* **EXERCISE**: Images excluded, reproduce each line of the records exactly as it stands.
****
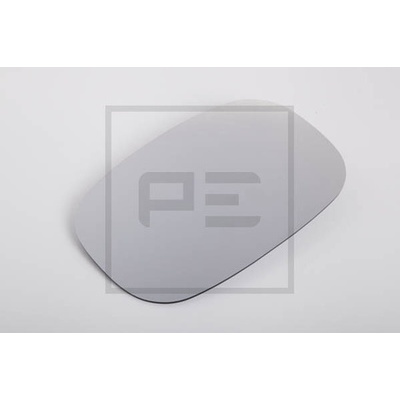 Image of PE Automotive - Spiegelglas, buitenspiegel (Set/Verpakking)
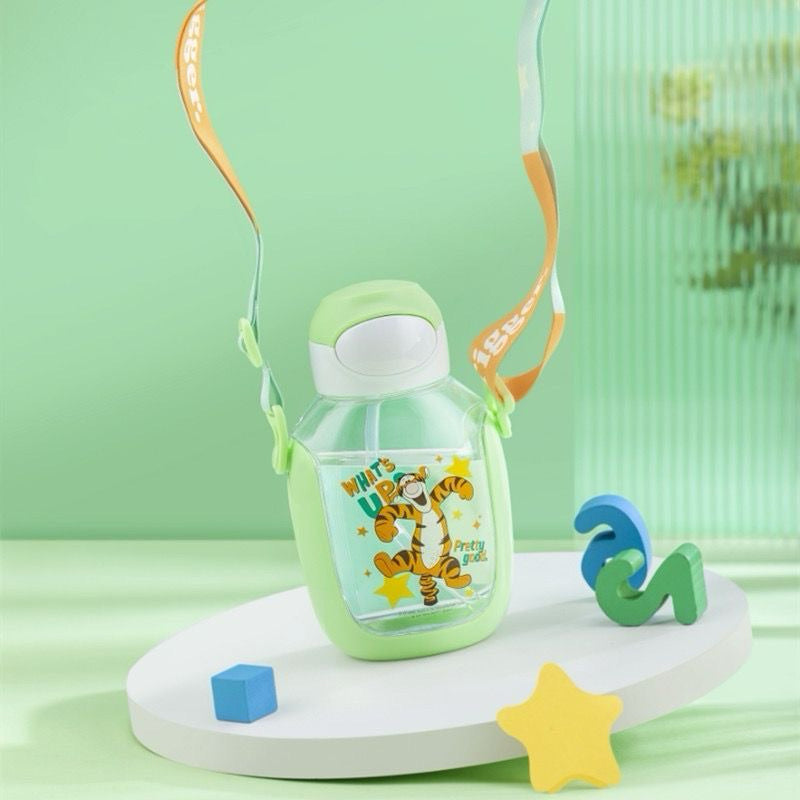 Tigger Water Bottle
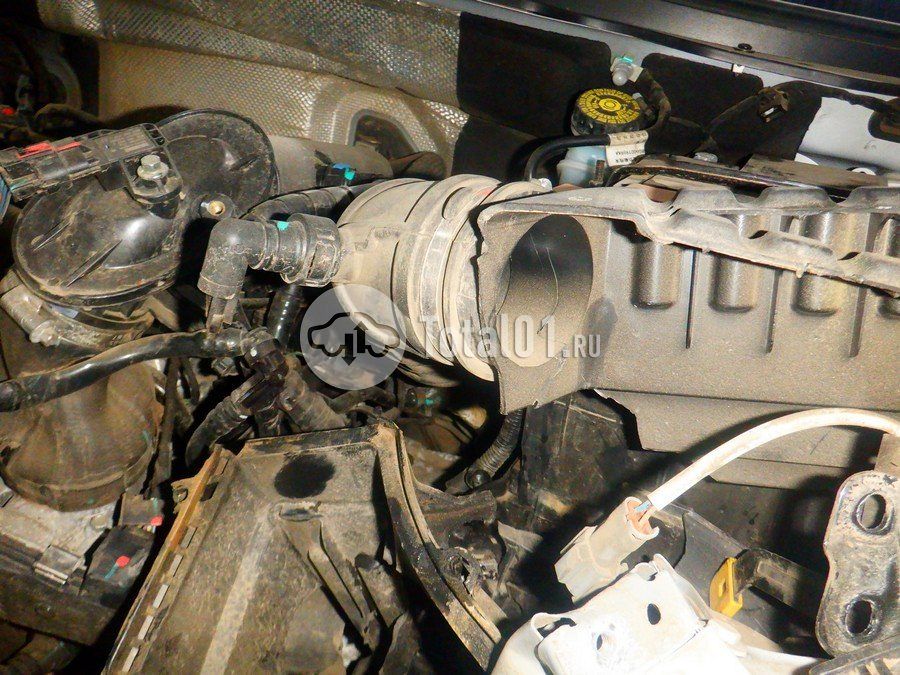 Фото OMODA C5 226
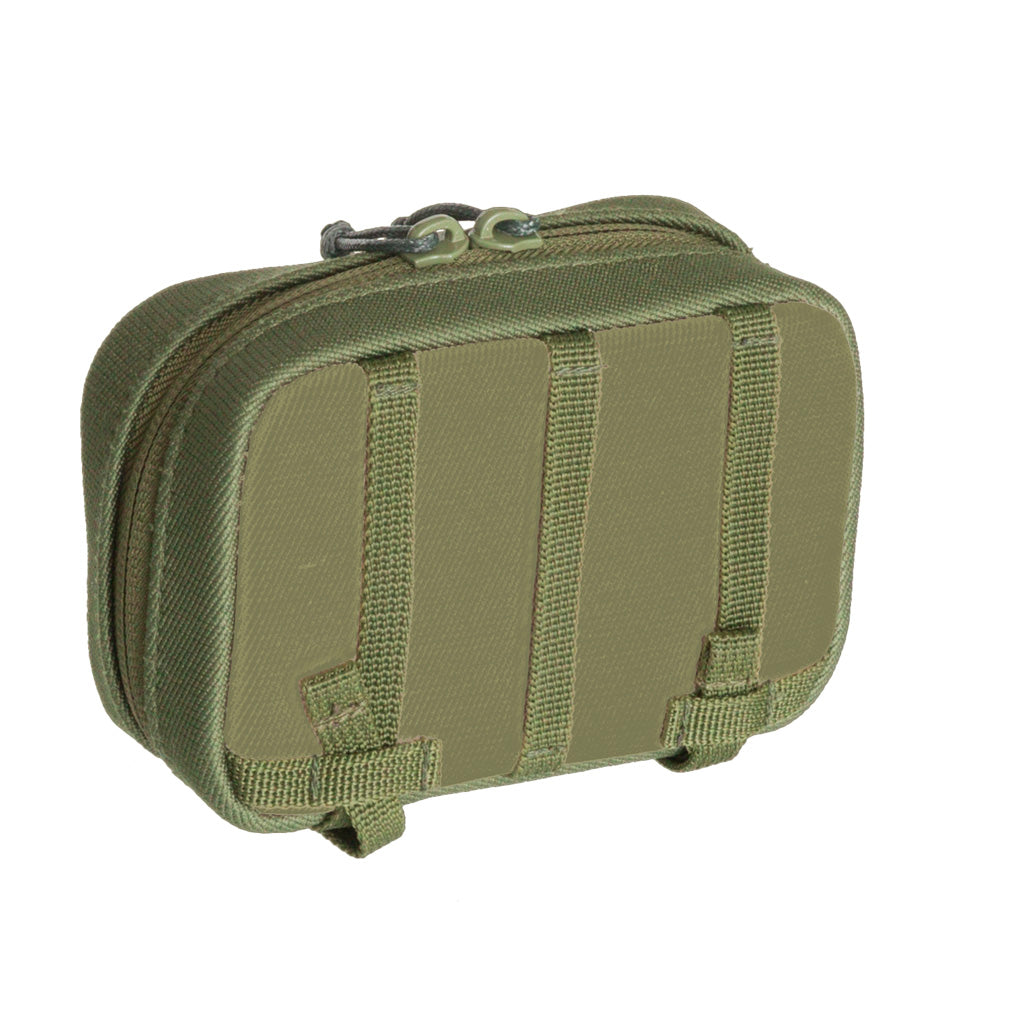 Elevation Hunt Utility Box Ambush Green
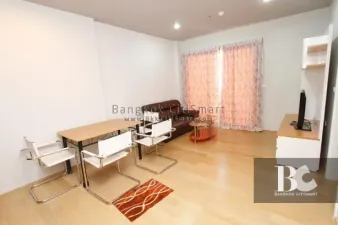 ไฮฟ์ สาทร (Hive Sathorn) คอนโดติดรถไฟฟ้ากรุงธนบุรี เรียบหรู ตอบโจทย์ไลฟ์สไตล์คุณ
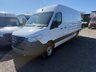 USED 2021 71 MERCEDES-BENZ SPRINTER 2.0 315 CDI Progressive Panel Van 5dr Diesel Manual RWD L3 H2 Euro 6 (s/s) (150 ps) FREE DELIVERY FINANCE WARRANTY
****
* **WRITTEN SOLUTION**:
 Image of PE Automotive - Spiegelglas, buitenspiegel (Set/Verpakking)
 Tigger Water Bottle
 Фото OMODA C5 226
 Elevation Hunt Utility Box Ambush Green
 ไฮฟ์ สาทร (Hive Sathorn) คอนโดติดรถไฟฟ้ากรุงธนบุรี เรียบหรู ตอบโจทย์ไลฟ์สไตล์คุณ
 USED 2021 71 MERCEDES-BENZ SPRINTER 2.0 315 CDI Progressive Panel Van 5dr Diesel Manual RWD L3 H2 Euro 6 (s/s) (150 ps) FREE DELIVERY FINANCE WARRANTY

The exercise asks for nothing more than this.